Here is what Coach Wooden has said:


Coach John Wooden (ucla.edu) with a basketball net around his neck

Coach John Wooden (ucla.edu)


“When you improve a little each day, eventually big things occur…. Not tomorrow, not the next day, but eventually a big gain is made. Don’t look for the big, quick improvement.


Seek the small improvement one day at a time. That’s the only way it happens – and when it happens, it lasts.”

In Japan they have something called Kaizen. This means continuous improvement. Part of this was developed by another Midwesterner (Wooden was from Indiana), Edwards Deming (Iowa).




The Deming Cycle is a process of continuous improvement that helped grow the Japanese car industry in the 60’s to what it is today. For a long time, Detroit auto companies weren’t that interested in what Deming had to say – and, of course, we can see how that turned out for them!


Constant improvement takes discipline. Those of you who had to practice a musical instrument or an athletic skill in school remember the daily routine. Improving the little things can get boring and when a colleague calls with excitement about this new seminar or gadget or website, many doctors are off to the chase the “shiny things.”


Innovation needs to happen, certainly. But the real successful businesses and teams continually work to master what they already do.


Mastering the basics is always the key to success. Deliberate practice, study and good coaching. And this takes discipline and… a certain degree of humility to admit you can personally improve.


But since you are not a full time coach and mostly work IN the practice, you have to schedule specific times to work ON the practice. But what do you work on? ICD 11? (Yes… it IS on the horizon!) More E.H.R?


Well, maybe, but these are not the areas that will significantly improve your business over the long run and take it to the next level.
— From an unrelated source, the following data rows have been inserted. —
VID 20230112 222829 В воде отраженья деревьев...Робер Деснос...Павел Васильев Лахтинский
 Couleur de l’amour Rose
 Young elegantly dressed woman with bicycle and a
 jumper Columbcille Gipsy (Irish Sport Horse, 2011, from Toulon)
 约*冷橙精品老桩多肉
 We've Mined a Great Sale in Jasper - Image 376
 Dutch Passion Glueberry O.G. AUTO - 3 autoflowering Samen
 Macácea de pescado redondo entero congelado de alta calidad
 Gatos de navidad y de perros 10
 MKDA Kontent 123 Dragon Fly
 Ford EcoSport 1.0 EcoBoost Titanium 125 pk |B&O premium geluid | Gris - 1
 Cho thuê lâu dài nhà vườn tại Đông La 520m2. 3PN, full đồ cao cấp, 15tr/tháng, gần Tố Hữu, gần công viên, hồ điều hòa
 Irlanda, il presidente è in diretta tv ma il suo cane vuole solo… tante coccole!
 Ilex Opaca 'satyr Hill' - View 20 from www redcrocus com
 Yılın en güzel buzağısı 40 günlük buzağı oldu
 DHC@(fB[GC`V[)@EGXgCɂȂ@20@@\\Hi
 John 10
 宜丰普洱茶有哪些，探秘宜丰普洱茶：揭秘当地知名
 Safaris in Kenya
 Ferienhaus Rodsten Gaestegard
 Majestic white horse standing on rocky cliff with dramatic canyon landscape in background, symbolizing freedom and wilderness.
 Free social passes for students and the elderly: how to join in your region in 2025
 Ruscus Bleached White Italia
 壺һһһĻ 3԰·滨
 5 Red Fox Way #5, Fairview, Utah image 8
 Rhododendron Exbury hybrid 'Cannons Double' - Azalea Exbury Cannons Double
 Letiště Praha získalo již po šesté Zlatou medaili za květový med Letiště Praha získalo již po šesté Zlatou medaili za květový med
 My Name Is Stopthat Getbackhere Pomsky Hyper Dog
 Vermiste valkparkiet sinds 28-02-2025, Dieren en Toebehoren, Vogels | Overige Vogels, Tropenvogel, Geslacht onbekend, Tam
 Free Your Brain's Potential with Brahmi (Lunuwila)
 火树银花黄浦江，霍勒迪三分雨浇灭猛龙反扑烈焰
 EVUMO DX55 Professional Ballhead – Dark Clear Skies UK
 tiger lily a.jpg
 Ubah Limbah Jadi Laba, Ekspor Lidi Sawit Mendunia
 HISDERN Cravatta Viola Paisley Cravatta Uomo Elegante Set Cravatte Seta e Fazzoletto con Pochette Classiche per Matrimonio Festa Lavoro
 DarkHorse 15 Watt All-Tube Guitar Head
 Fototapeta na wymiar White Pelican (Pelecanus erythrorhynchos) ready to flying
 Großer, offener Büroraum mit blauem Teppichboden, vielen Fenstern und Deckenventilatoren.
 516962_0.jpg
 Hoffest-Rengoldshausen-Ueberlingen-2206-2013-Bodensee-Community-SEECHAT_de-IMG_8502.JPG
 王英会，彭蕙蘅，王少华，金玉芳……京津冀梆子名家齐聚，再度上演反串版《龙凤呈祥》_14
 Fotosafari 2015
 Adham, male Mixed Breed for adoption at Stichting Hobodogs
To help you uncover what should be improved, you can use our updated Practice Progress Grid. You can go over it with your team and plot where you were, where you are now… and then where you want to be next year!


This can help reveal what organizational and engineering steps you need to build a better business machine for 2016.


In most cases, the improvements don’t have to be major. They just have to be continuously refined. But some areas that are holding you back from your goals can be hidden or overlooked.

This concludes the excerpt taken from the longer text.